The principal work leading up to this project proposal was undertaken by Dr Patrick Wallis and Dr David Haycock at the University of Nottingham during a three-month Wellcome Research Fellowship in the Summer and Autumn of 2003. This focused on the transcription, annotation and critical study of the National Archive's manuscript account book of the late seventeenth-century London proprietary medicine seller Anthony Daffy, principal maker and seller of 'Elixir Salutis', or 'Daffy's Elixir' as it became popularly known for over two centuries. The completed work is to be published in 2005 as supplement 25 in the Wellcome Trust's journal series Medical History.
This study of Daffy's business networks revealed some of the ambiguities in current interpretations of proprietary medicines in late seventeenth- and early eighteenth-century England, and the opportunities for further research. Daffy's Elixir was sold through a complex network of agents, stretching throughout the British Isles and abroad into Europe, North America, and the East and West Indies. As well as trading in his Elixir, Daffy bought and sold tobacco, sugar, cotton, and other imported goods, conducting a complex exchange of goods. Daffy's business investments and financial success demonstrates the significance of proprietary medicines and other medical products in the growth in British commercial enterprise and trade in this period. During the project, through detailed research using a wide range of primary sources, we were able to uncover information on many of the individuals involved with Daffy's business, and we demonstrated the potential of tracing distribution and retail networks through manuscript and printed materials. Primary sources such as the autobiography of the grocer William Stout of Lancaster and town histories provided further information on medical retailing in the period.

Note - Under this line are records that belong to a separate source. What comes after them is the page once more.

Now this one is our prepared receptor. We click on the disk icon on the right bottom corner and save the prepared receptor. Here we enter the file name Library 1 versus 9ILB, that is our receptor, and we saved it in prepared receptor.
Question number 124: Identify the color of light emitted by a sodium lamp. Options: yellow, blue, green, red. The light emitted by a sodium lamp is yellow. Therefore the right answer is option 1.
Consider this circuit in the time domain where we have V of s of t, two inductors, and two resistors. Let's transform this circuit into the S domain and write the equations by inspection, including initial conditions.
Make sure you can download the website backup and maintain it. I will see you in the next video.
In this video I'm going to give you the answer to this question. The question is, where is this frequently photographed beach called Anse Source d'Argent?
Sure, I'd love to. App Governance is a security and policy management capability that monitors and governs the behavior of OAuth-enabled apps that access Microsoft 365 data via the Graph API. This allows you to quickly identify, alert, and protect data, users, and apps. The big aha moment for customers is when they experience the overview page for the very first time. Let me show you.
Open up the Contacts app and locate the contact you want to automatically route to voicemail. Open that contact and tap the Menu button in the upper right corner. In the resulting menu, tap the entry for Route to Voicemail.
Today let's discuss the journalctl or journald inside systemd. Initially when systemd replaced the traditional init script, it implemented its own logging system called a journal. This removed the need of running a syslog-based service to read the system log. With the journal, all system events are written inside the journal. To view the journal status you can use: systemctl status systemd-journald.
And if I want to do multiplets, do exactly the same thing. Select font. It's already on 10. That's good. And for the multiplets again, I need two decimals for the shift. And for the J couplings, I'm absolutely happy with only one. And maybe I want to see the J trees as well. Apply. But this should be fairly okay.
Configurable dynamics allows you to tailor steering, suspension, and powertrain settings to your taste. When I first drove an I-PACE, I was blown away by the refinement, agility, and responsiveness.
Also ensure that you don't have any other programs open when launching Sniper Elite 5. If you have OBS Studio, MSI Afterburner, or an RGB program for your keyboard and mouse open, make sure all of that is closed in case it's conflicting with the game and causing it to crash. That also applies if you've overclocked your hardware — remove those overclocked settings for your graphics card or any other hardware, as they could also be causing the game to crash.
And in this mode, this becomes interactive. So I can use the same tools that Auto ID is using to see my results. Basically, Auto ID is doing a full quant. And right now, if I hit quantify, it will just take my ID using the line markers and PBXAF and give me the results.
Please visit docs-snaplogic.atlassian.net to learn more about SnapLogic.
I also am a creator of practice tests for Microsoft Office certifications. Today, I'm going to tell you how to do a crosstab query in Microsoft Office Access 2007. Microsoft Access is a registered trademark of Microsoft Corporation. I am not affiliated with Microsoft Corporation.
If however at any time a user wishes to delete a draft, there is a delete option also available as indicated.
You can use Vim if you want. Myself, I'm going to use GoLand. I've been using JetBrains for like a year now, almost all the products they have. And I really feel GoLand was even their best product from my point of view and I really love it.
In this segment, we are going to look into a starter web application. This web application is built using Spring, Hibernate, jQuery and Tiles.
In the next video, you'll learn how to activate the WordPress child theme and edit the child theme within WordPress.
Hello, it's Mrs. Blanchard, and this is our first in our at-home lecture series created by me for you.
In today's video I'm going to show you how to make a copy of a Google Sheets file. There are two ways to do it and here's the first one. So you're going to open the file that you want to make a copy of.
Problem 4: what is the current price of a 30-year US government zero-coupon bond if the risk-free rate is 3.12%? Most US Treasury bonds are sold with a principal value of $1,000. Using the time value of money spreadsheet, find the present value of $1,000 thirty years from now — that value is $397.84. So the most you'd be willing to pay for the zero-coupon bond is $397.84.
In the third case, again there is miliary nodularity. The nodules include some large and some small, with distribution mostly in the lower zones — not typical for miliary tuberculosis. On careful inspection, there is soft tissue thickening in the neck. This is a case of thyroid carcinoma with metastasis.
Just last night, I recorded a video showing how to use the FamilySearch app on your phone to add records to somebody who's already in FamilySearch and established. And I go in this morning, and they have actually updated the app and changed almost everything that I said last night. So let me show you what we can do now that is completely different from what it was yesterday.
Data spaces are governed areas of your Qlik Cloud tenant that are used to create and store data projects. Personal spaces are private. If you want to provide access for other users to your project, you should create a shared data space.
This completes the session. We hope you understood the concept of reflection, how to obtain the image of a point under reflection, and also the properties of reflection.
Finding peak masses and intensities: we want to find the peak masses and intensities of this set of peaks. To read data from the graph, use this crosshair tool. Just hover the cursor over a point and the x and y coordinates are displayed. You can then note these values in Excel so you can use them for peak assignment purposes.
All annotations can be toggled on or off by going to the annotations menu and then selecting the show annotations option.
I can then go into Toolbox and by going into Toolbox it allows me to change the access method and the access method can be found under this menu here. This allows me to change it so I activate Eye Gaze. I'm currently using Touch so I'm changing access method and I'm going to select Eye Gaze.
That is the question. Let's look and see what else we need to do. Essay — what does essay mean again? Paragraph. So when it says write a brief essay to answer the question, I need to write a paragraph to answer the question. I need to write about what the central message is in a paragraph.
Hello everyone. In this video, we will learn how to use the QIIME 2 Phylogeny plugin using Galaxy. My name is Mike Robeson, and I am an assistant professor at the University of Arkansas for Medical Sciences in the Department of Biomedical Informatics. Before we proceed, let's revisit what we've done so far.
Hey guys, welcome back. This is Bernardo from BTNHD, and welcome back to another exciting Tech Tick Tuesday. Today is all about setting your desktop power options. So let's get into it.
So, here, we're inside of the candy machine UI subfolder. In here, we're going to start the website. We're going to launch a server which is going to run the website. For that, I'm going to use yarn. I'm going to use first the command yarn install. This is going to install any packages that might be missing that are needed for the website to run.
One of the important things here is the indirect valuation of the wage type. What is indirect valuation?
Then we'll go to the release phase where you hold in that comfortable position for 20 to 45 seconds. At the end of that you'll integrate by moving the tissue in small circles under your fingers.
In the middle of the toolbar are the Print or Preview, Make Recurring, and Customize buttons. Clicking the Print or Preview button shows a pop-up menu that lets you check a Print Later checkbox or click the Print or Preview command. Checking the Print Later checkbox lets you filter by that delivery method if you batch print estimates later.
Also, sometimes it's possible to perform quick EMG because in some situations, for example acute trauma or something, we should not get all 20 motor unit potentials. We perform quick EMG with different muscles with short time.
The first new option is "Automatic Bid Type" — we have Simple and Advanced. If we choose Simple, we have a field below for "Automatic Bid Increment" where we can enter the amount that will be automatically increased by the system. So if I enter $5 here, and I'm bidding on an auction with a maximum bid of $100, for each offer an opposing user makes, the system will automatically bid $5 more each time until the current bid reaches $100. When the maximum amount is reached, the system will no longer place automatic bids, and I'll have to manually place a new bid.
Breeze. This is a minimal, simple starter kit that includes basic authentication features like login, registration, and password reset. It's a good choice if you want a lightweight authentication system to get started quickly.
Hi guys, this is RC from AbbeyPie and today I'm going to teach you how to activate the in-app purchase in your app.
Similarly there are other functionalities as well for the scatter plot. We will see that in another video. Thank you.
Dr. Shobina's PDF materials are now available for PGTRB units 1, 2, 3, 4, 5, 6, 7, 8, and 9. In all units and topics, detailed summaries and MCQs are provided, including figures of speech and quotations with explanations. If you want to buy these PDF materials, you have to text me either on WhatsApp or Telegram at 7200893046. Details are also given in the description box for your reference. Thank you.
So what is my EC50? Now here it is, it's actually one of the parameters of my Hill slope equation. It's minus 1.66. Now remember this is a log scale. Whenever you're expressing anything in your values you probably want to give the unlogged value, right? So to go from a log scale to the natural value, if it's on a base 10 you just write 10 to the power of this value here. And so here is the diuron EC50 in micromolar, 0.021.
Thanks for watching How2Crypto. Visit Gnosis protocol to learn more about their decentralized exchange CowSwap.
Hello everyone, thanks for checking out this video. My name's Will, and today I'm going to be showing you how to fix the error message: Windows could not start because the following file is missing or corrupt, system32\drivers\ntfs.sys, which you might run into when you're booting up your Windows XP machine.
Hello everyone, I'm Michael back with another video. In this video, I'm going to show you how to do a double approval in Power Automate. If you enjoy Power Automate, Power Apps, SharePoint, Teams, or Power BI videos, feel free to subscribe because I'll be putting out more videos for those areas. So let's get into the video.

My work prior to this project has included lengthy and detailed studies of the culture
of medicine and disease through this period. My monograph on Dr Stukeley was published in 2002, based on research undertaken under the supervision of Prof. Michael Hunter. My 3-year Leverhulme Fellowship working with Professor George S. Rousseau explored the cultural aspects of disease through this period, whilst during my recent Ahmanson-Getty Research Fellowship at the Clark Memorial Library, UCLA, I investigated the role played by alchemical/chemical medicine in the mid to late seventeenth century, the quest for an 'Elixir of Life', and the potential of 'restoring' human lifespans to the near thousand years of the Biblical patriarchs and even to the lost immortality of Adam.